Но при этом старик не был неумехой. Он слыл отличным воином, умел стрелять из лука, с топором ли, с мечом ли — побеждал в шуточных боях даже высокорунных, но при мысли о настоящем сражении у него начиналась медвежья болезнь. Поэтому отец и поставил его обучать младших. «Ты научишь их драться, а смелость пусть они отрастят сами» — так сказал Хакану отец.

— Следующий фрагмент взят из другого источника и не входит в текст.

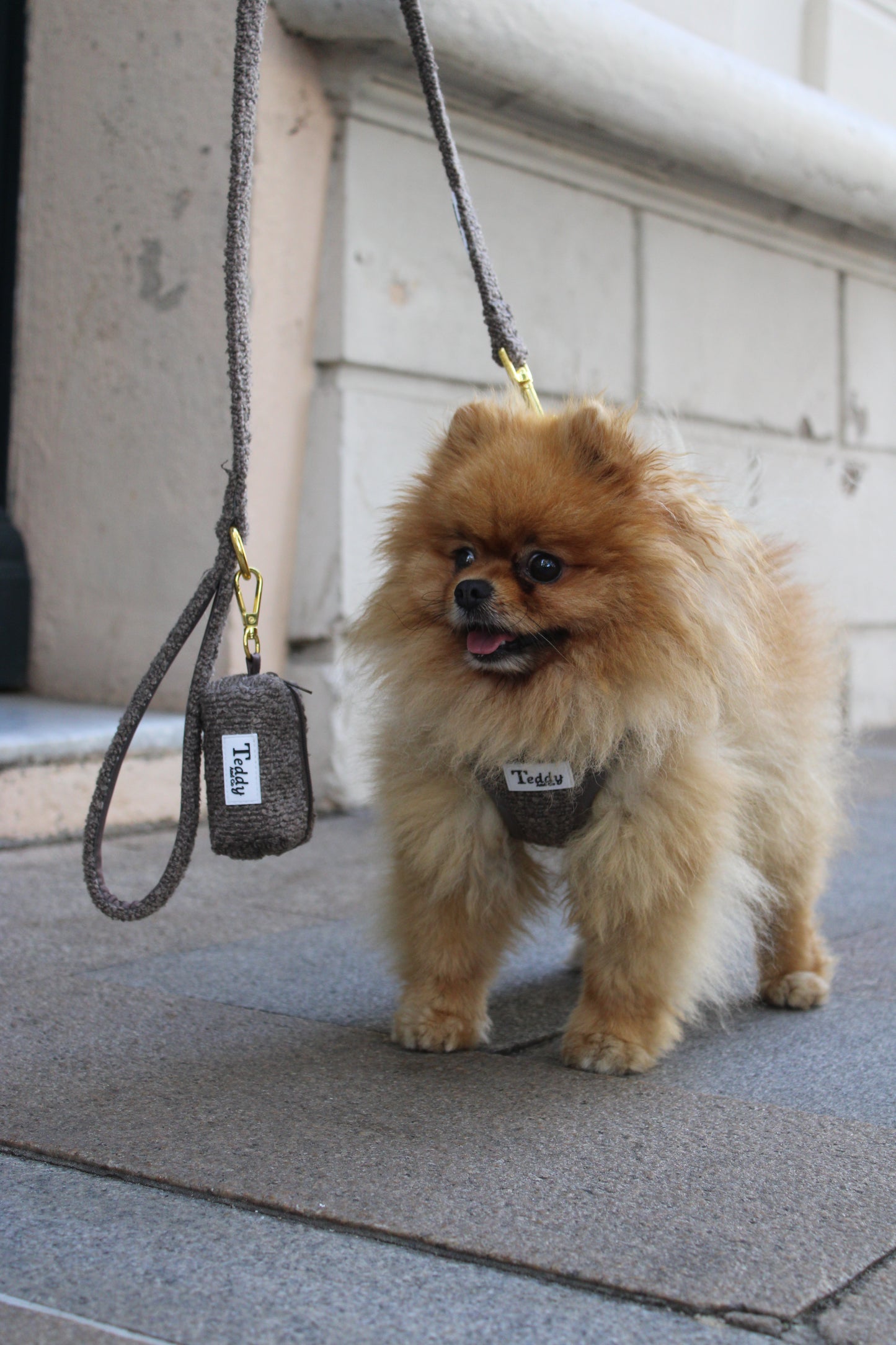 Harnais Easy Fit Coffee┃Tissu Bouclette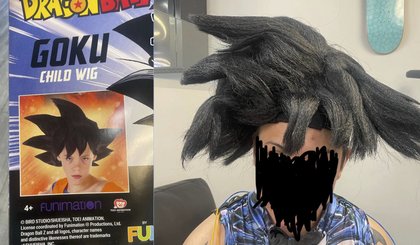 Expectation vs. Reality - A Halloween costume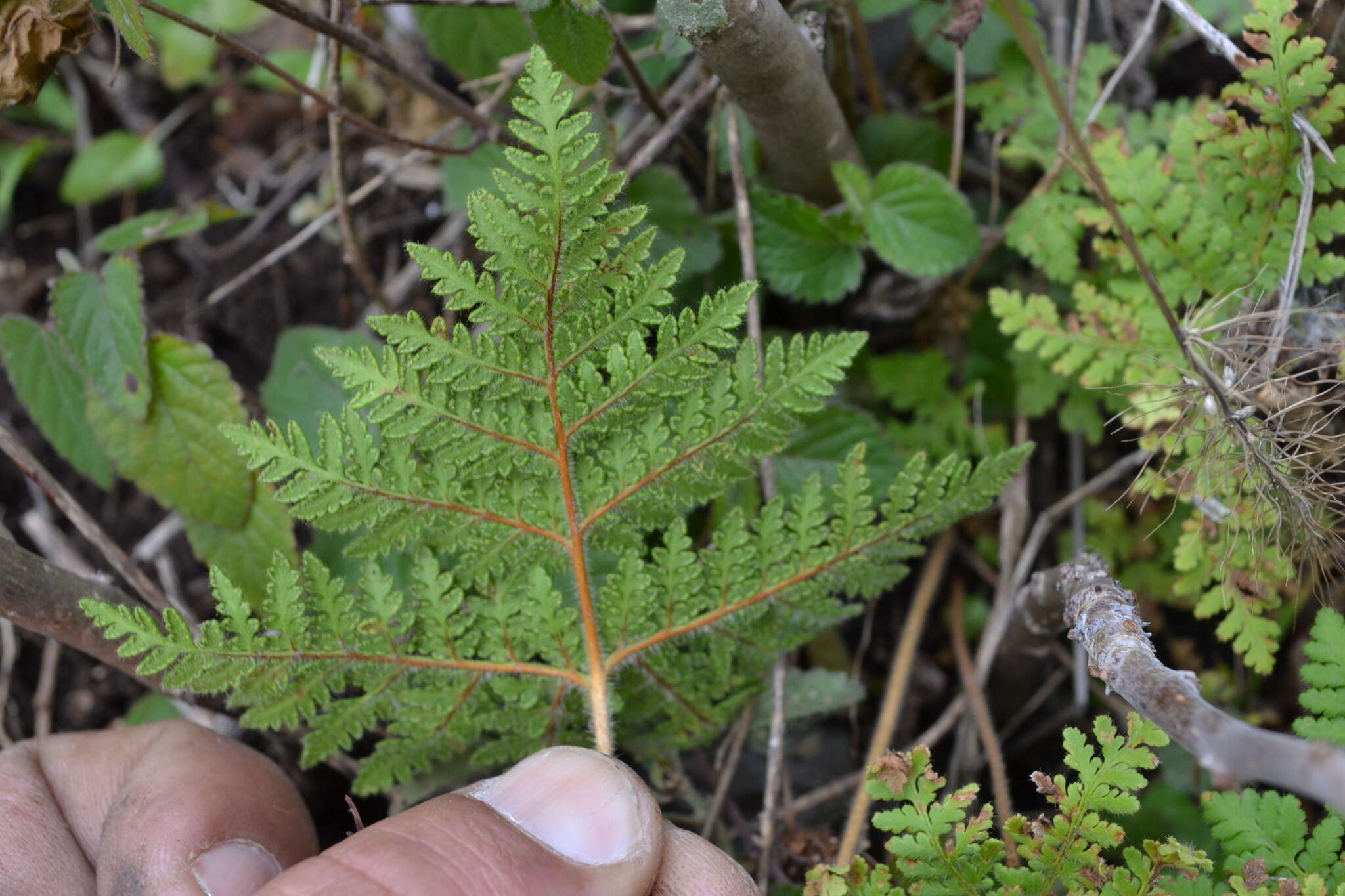 Imagem de Cheilanthes leucopoda Link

Старик раньше частенько приходил к нам домой ради самого вкусного пива, как говорил он сам, и учил меня бою, правда, я больше вытирал спиной землю, чем сражался. И Хакан повторял, что после первой же руны все изменится. А потом не пустил меня на тренировку. Но на него я не обижался. Он поступил по правилам.
— Кай? Ты жив?
Видимо, вместо «доброго дня» или «будь здрав» меня отныне будут приветствовать словами «Ты жив».
— Жив. И с благодатью. Теперь, старик, ты не сможешь меня выгнать.
— Жив, — изуродованный нос Хакана сморщился, и я едва успел отскочить, чтобы не попасть еще и в его медвежьи объятья. — Ха, вставай к остальным.
Но я не послушался и вышел на середину вытоптанной площадки.
— Раз я получил свою первую руну, я имею право бросить вызов любому вплоть до пятой руны. Верно, Хакан?
— Так-то оно так, сынок, но…
— Меня зовут Кай, сын Эрлинга. И я бросаю вызов Ленне.